**Input**
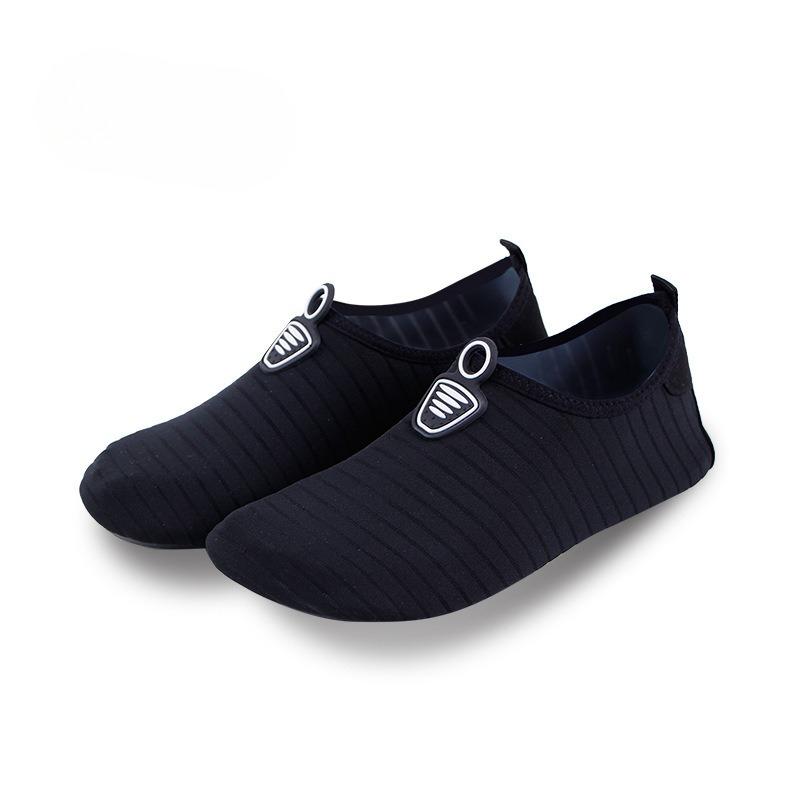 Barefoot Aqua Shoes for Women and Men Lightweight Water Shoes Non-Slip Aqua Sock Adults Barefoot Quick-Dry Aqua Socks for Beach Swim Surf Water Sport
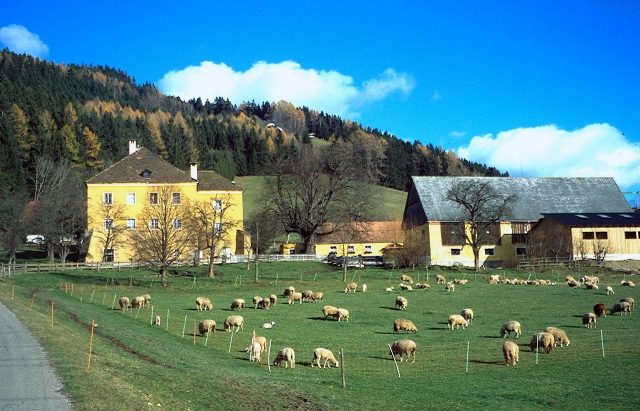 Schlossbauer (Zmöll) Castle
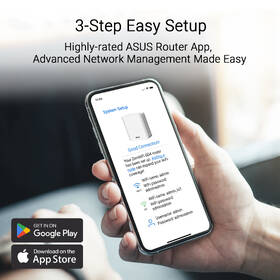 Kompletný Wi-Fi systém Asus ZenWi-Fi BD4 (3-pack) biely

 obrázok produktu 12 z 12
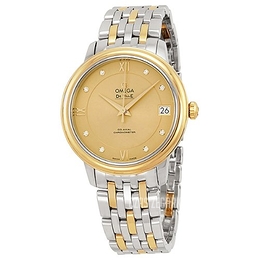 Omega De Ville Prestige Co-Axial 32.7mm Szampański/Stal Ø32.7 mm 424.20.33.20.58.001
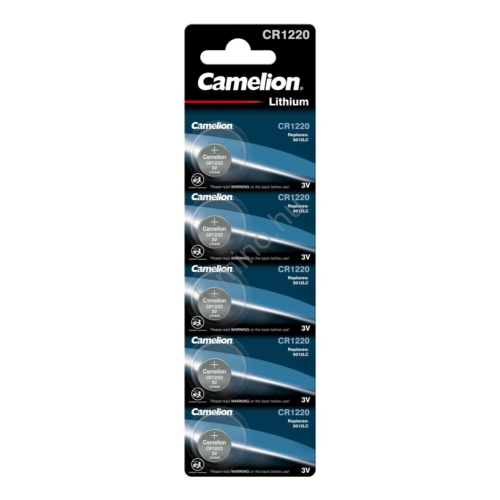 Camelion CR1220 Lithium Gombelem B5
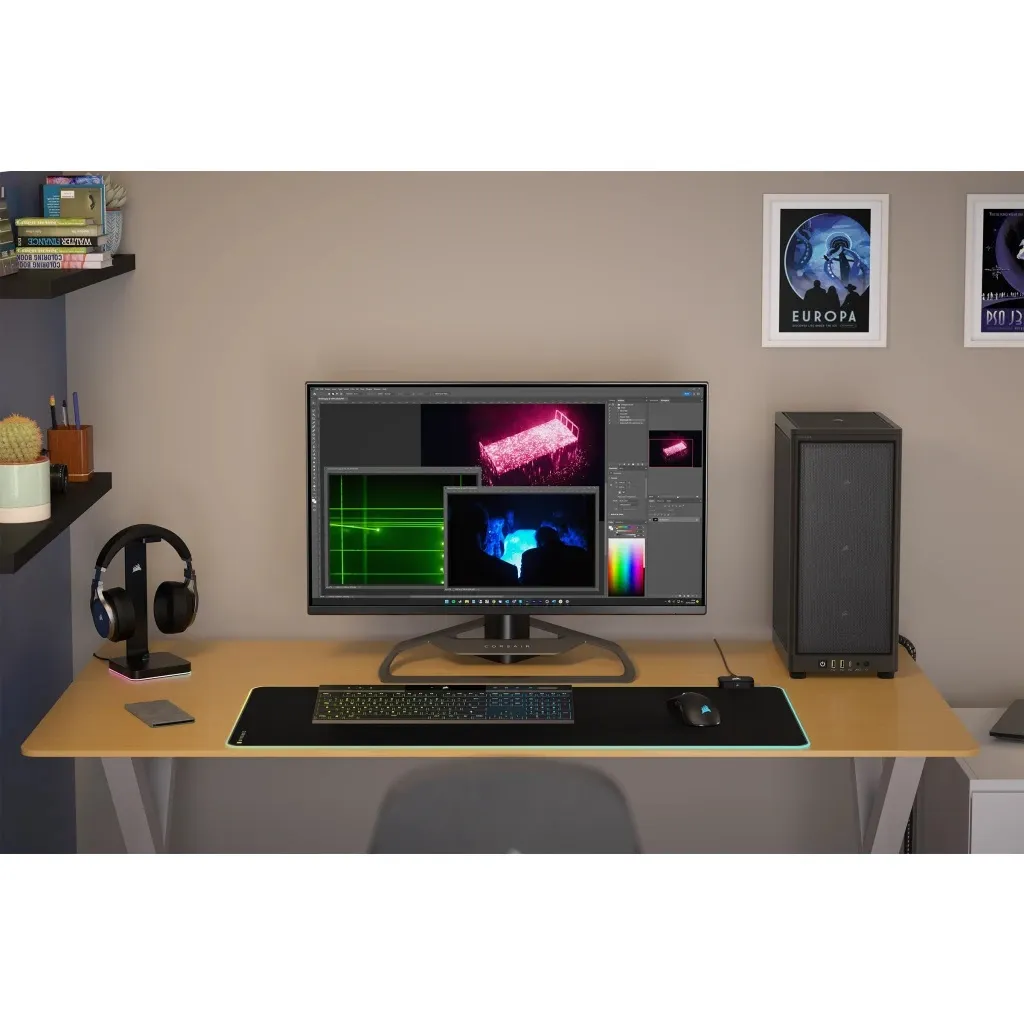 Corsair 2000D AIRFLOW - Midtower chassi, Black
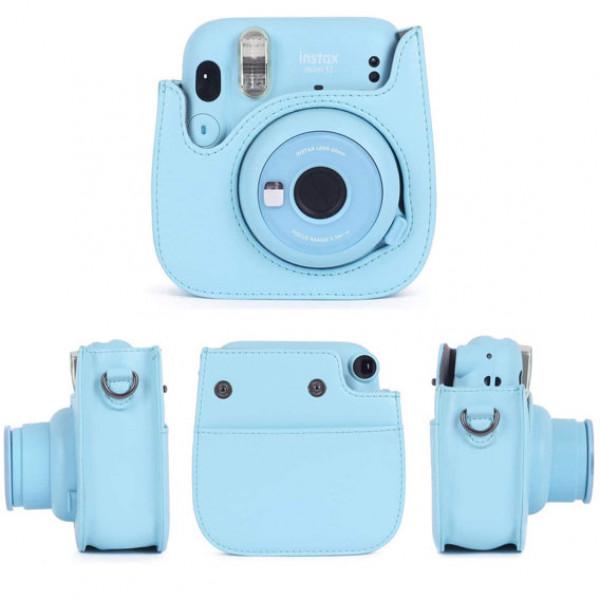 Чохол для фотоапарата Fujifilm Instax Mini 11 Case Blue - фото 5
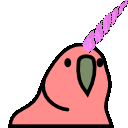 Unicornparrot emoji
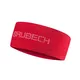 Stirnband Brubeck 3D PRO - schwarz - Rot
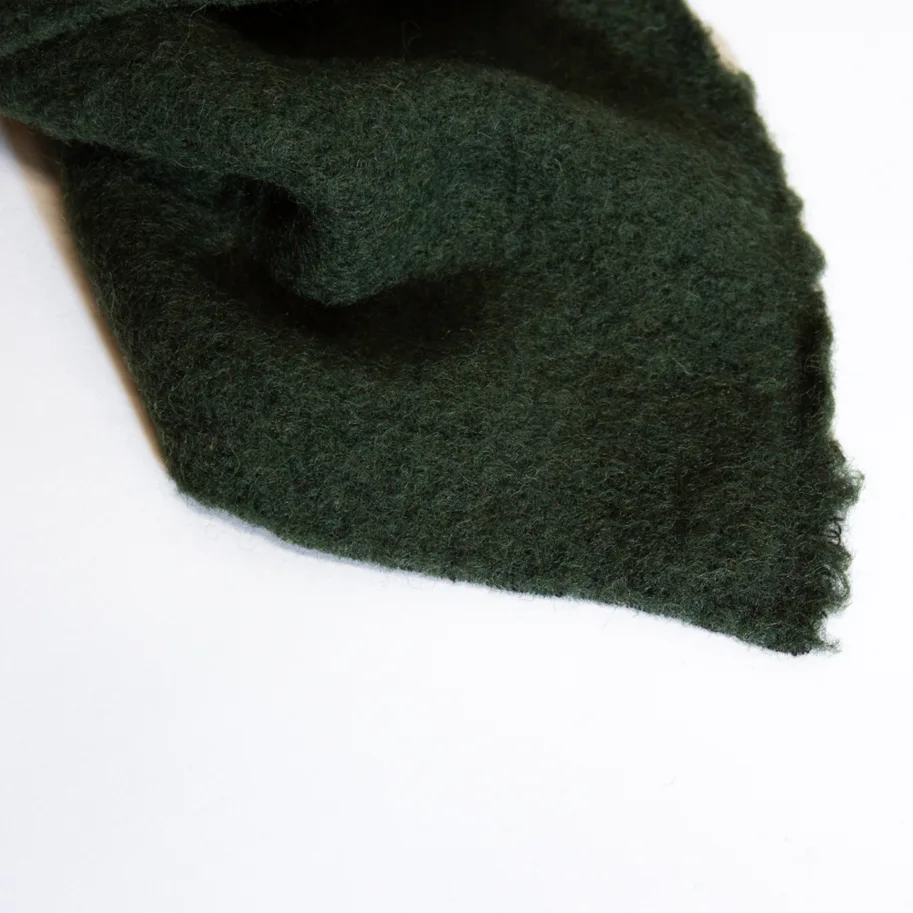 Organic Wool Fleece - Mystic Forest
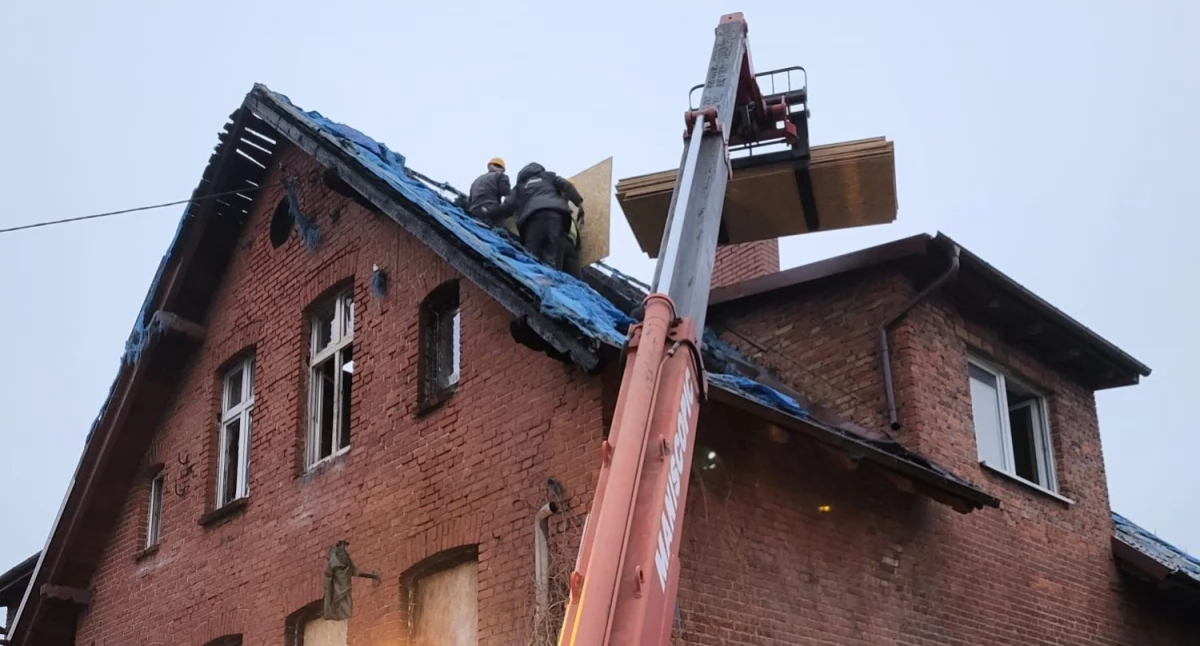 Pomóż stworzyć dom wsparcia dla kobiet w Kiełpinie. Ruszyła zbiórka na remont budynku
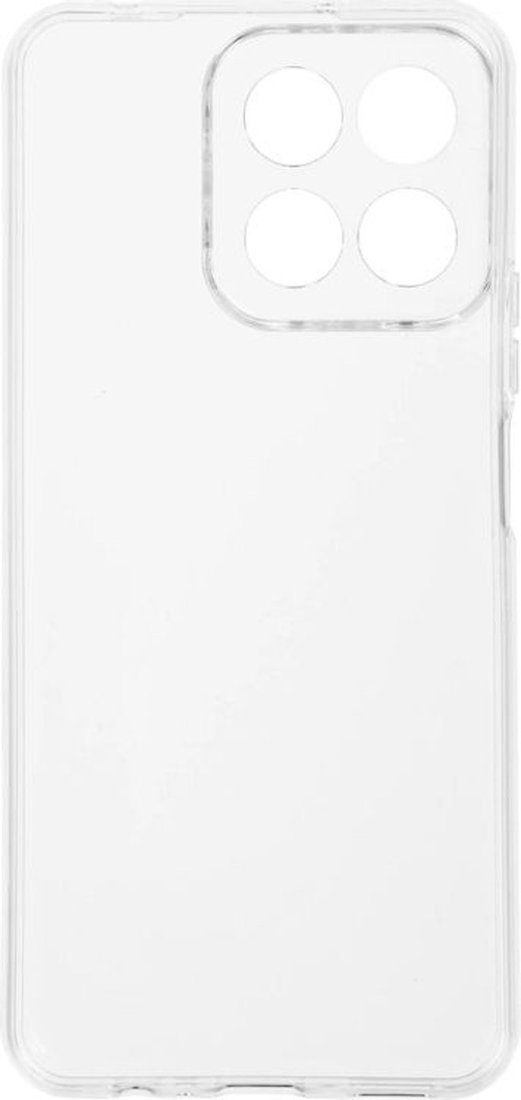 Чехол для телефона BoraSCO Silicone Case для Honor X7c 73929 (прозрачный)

**Task brief**
Reproduce exactly, and only, the lines that begin at the one containing "Camelion CR1220 Lithium Gombelem B5" and end with the final line of the data, both included, while omitting every picture.

**Your response**
 Camelion CR1220 Lithium Gombelem B5
 Corsair 2000D AIRFLOW - Midtower chassi, Black
 Чохол для фотоапарата Fujifilm Instax Mini 11 Case Blue - фото 5
 Unicornparrot emoji
 Stirnband Brubeck 3D PRO - schwarz - Rot
 Organic Wool Fleece - Mystic Forest
 Pomóż stworzyć dom wsparcia dla kobiet w Kiełpinie. Ruszyła zbiórka na remont budynku
 Чехол для телефона BoraSCO Silicone Case для Honor X7c 73929 (прозрачный)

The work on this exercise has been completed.